Vice President, Professor Yemi Osinbajo, has declared that the federal government has spent N1.5 trillion as intervention fund in the power sector.
Osinbajo said this on Tuesday, during a power sector event at Kainji Hydro Power Plant in Niger State.
The vice president, who was represented by the Minister of Power, Sale Mamman, also noted that no power distribution company in the country has paid tax to the government since the sector was privatised six years ago.
“The Federal Executive Council recently approved the third round of intervention funding for the (power) sector, with a total of about N1.5tn in the last two years.
“However, if the country is to achieve its aim of channelling funding to other critical sectors of the economy, it is pertinent that structural reforms be put in place to enable the power sector to fund itself sustainably,” he stated.

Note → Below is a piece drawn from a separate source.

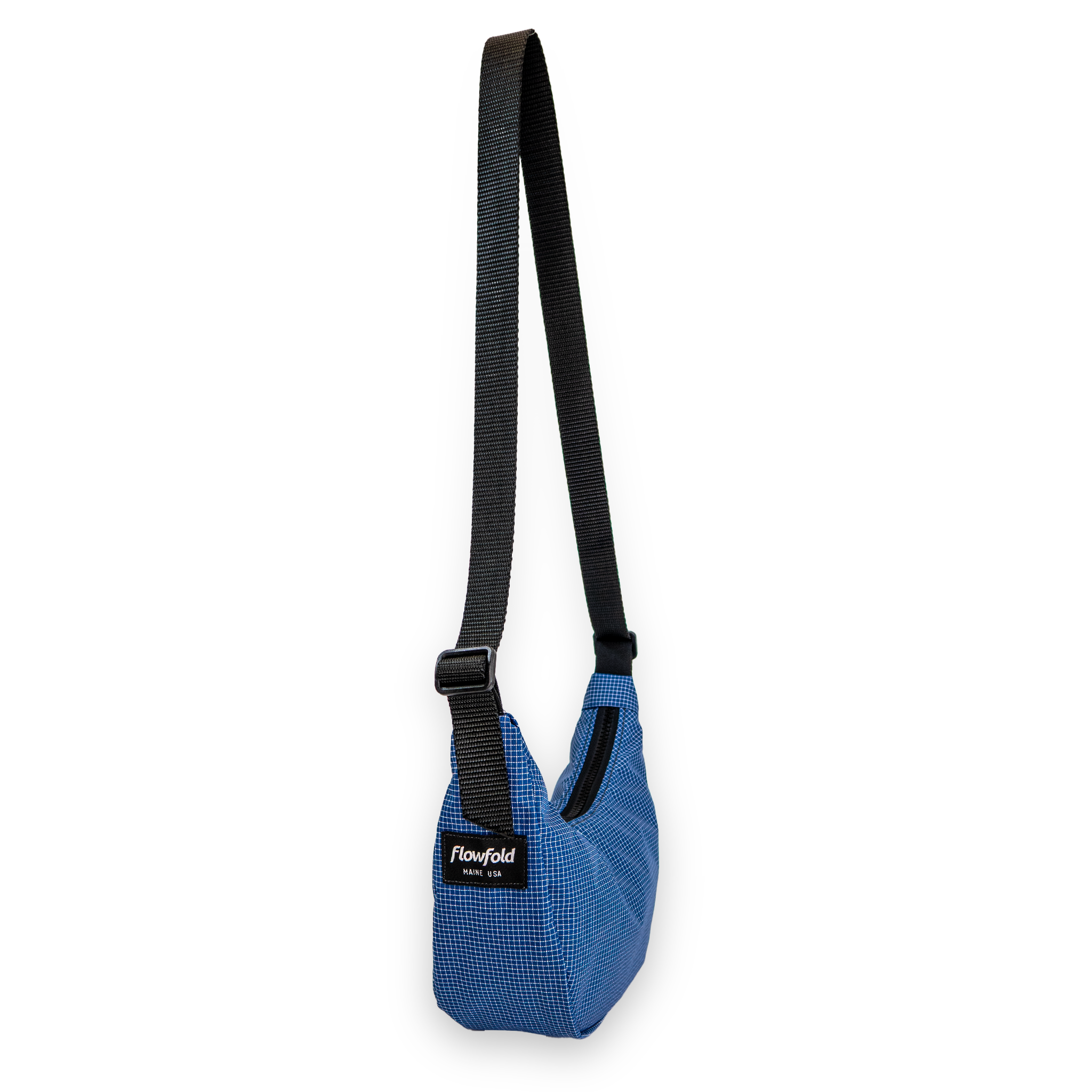 Blue crescent bag with a black strap on a white background at an angle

Osinbajo said the federal government has continued to support the sector through interventions and appropriate policies; saying no venture owned by government would thrive without the private sector playing a major role.
He promised that government would do its best to address problems facing the sector.

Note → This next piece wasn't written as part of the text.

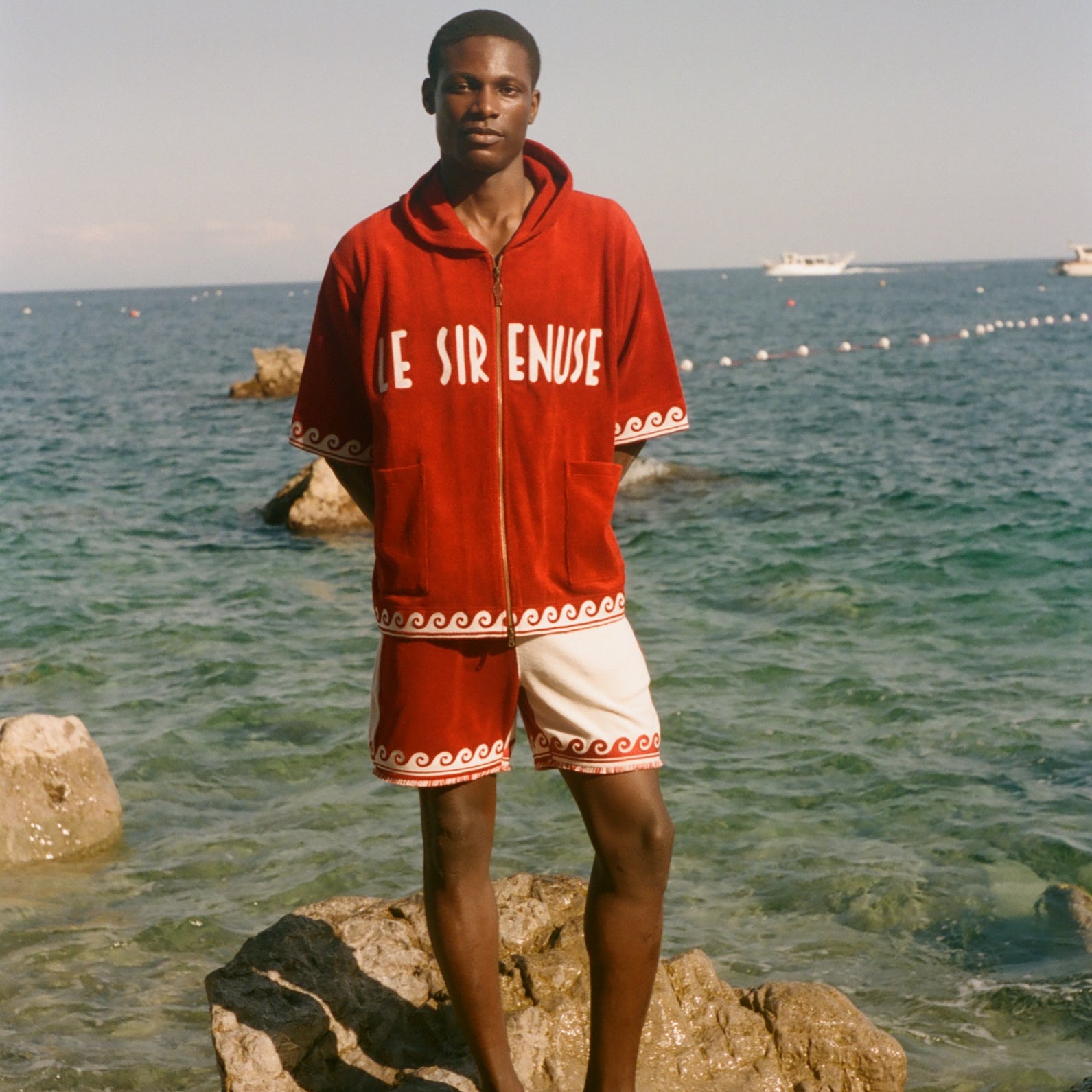 Man wearing beach towel top with matching red Le Sirenuse shorts, in front of the ocean.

He added, “These policy reforms must however take into consideration the need for under-privileged Nigerians to gain access to affordable electricity to power their homes and small businesses, as the government seeks to move Nigeria further up the World Bank’s doing business rankings.”
But power generation companies have threatened that they could shut down operations, due to the reduction in the monthly payments of their invoices from about 80 per cent to 15 per cent.
Speaking at the event’s round-table conference that focused on unlocking real liquidity in the industry, Sani Bello, Chairman, Mainstream Energy Solutions Limited (MESL); concessionaire to Kainji and Jebba hydro power plants, said Gencos cannot survive on the 15 per cent invoice payments they are currently receiving.
He said, “I hope the minister will do whatever he can in his capacity to see that our payments are improved. In the last months, between May and June, we only received 15 per cent of our invoices as power generation companies. I do not think we can continue to survive with 15 per cent payments.”
Andrew Nevin, the Chief Economist, PwC Nigeria, in his presentation, also noted that findings by the firm has shown that no power distribution company paid tax to the federal government since the sector was privatised.
“No Disco has paid any income tax to the Federal Government since they were privatised,” Nevin established.
Andrew advised that to increase the revenue of Discos and address lack of liquidity in the sector, “the power distributors should be allowed to sell about 50 per cent of their energy to industrial users at an increased tariff of N80 per kilowatt-hour.”